H.E. General Prem Tinsulanonda
November 26, 1996
Dusit Thani Hotel, Bangkok

Excellencies, Ladies and Gentlemen,

Past Experiences

Over the last five decades, Asia has experienced political, economic, social and technological transformations great in substance and extensive in scale. At times violent and painful, at other times peaceful and incremental, these changes have nonetheless imbued us Asians with a sense of self confidence, a readiness to proceed to the 21st Century. The transformations herald Asia’s success story, projecting it as a region of economic progress, wealth, security, peace and harmony.

Fifty years ago, Japan was in the midst of debris as a result of the Second World War; fierce confrontation went on between Chinese Nationalists and Chinese Communists; conflicts between Hindus and Muslims resulted in the division of India into two nations, India and Pakistan; and Indonesia’s quest for independence was accompanied by a civil war. However, transformations since have been of such a magnitude quite unimaginable then. We have indeed witnessed “the Asia Miracle”.

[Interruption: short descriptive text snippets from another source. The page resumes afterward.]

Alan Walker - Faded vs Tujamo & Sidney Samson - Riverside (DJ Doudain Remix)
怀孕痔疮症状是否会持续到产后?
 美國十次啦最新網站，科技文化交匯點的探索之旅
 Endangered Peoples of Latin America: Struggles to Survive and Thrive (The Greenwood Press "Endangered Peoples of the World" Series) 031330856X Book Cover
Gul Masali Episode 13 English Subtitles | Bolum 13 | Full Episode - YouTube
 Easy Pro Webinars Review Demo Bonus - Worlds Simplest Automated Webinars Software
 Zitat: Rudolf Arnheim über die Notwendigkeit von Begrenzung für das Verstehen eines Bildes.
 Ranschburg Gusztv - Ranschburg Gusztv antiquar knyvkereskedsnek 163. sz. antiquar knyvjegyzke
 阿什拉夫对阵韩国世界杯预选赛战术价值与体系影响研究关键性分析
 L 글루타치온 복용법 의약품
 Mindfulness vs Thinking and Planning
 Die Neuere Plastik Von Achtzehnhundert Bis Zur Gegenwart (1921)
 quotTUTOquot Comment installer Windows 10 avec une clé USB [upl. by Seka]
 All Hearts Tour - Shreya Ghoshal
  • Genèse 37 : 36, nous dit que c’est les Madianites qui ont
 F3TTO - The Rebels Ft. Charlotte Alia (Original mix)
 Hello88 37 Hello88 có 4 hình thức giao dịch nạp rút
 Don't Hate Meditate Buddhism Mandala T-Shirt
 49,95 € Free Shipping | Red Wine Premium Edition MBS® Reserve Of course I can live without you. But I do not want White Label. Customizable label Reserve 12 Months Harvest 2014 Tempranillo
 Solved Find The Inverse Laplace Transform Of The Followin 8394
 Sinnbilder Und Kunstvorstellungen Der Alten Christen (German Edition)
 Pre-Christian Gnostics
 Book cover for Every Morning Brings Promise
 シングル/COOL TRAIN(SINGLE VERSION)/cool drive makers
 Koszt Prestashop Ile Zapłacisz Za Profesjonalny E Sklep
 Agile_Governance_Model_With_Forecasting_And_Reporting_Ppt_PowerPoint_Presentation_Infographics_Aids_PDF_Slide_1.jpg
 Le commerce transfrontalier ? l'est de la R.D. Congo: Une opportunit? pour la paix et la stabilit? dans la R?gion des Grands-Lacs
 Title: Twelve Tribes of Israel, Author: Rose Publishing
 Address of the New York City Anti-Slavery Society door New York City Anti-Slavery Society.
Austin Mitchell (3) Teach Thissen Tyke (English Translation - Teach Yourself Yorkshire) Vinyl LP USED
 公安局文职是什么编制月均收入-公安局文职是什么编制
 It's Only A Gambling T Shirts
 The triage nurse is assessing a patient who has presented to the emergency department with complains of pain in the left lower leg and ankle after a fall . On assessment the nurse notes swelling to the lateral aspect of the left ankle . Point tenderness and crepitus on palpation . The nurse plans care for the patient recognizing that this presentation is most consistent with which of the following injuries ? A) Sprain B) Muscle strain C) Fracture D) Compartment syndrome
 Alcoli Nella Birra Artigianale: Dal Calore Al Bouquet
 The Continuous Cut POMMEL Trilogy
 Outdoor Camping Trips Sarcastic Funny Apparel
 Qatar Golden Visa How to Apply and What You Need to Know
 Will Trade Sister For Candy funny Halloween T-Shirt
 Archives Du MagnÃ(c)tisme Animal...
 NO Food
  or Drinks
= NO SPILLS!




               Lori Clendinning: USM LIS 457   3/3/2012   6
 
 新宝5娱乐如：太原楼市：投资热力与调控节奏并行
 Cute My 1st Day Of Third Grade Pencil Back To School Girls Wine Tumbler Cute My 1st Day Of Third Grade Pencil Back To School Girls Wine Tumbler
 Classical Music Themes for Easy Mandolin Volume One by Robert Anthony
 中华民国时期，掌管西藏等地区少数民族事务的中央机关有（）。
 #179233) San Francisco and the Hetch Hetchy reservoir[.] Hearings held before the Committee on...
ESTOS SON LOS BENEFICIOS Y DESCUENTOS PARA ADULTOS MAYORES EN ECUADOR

To arrive where we are now, we Asians have had to endure violent struggles in the midst of these changes, Politically, during the Cold War, Asia was the stage for power struggles between dictatorship, communism and democracy, ones which reflected ideological differences among political movements and elites in the region as well as conflicts between the Superpowers, namely the United States and the Soviet Union.

In the aftermath of the Second World War, nationalist Asians had to engage in violent and unrelenting struggles to liberate their countries from Western colonialism and to institutionalize democratic government. This was clear in the cases of India, Myanmar, Indonesia, the Philippines, Malaysia and Singapore.

During the Cold War period, the major political problems facing the countries of Asia was connected with the search for a political system with the capacity to tackle problems of immediacy and importance including poverty, communist insurgency, ethnic differences and conflicts, nation-building, political instability and governmental inefficiency.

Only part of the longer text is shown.